Ford of Europe CEO Stephen Odell is having a very different conversation with his car retailers. "Now dealers are asking us for cars," he said. In the past, dealers complained that they had too much product to move off their lots.
The reason for the change is that Ford of Europe has trimmed its inventory to 38-day supply of unsold vehicles compared with a 48- to 50-day supply a couple years ago and 65 to 70 days' supply in 2008 and 2009.
"We're not going to produce more than the dealers can handle," Odell told me at the Geneva auto show earlier this month.
Matching production capacity with the region's new level of demand is key to making Ford's European unit profitable again by 2015.

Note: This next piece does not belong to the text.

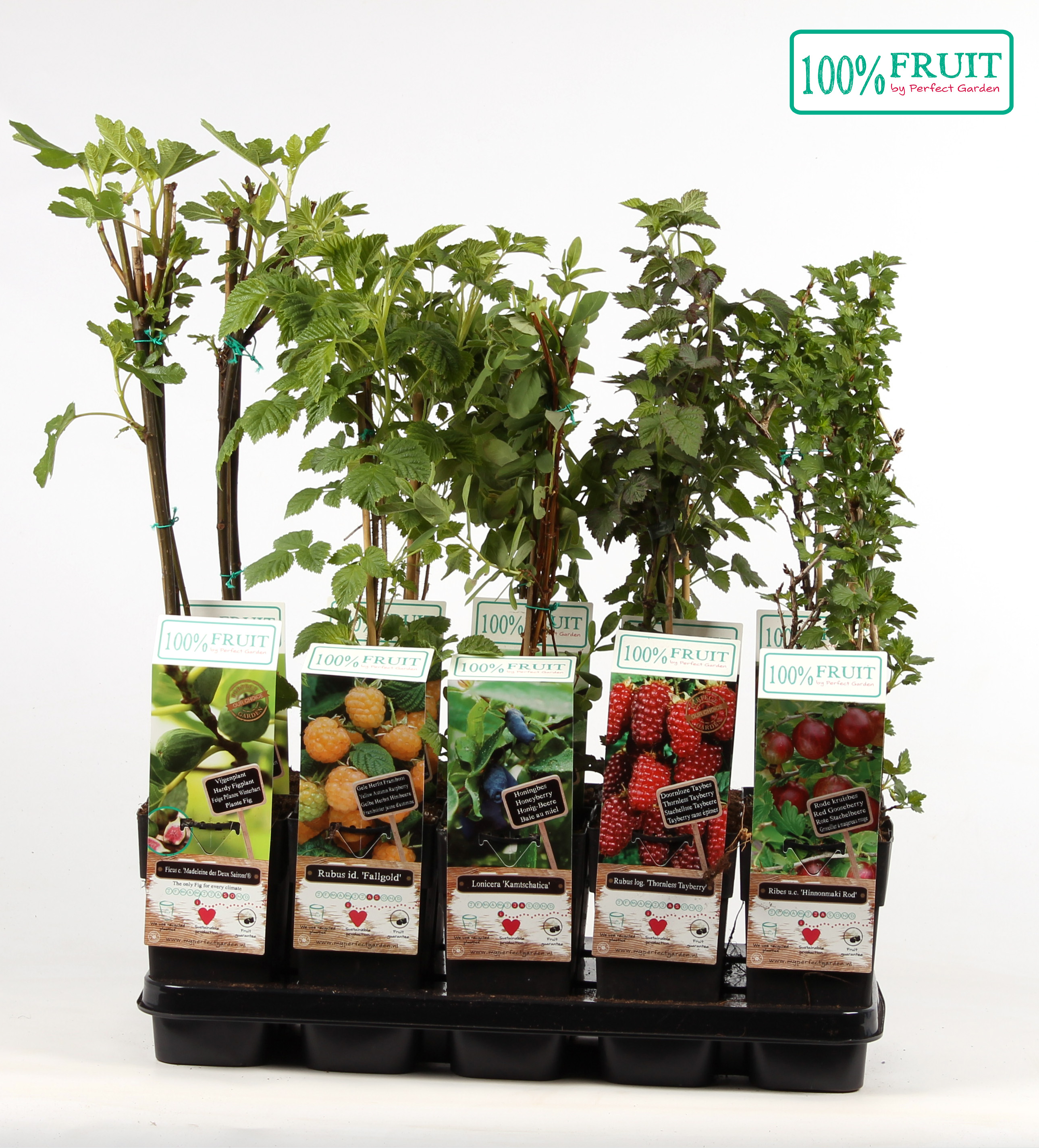 Picture of Fruit mix shelve compleet P15
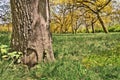 Fairy door in tree with grove of yellow blooming chestnut trees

Through two months, Ford's European sales are up 10 percent to 126,033 vehicles and its market share has risen to 6.8 percent from 6.5 percent, according to data from industry association ACEA.
When asked whether the volume increase might allow Ford of Europe to return to profit a year ahead of schedule Odell said: "I like to deliver and then talk about it."
It will be very difficult for Ford to beat its profitability deadline. It expects to be hit by $800 million in restructuring and personnel costs as it closes its factory in Genk, Belgium, and moves that production elsewhere.
Ford also anticipates higher launch and engineering costs this year as a result of its plan to add at least 25 new or updated vehicles within five years.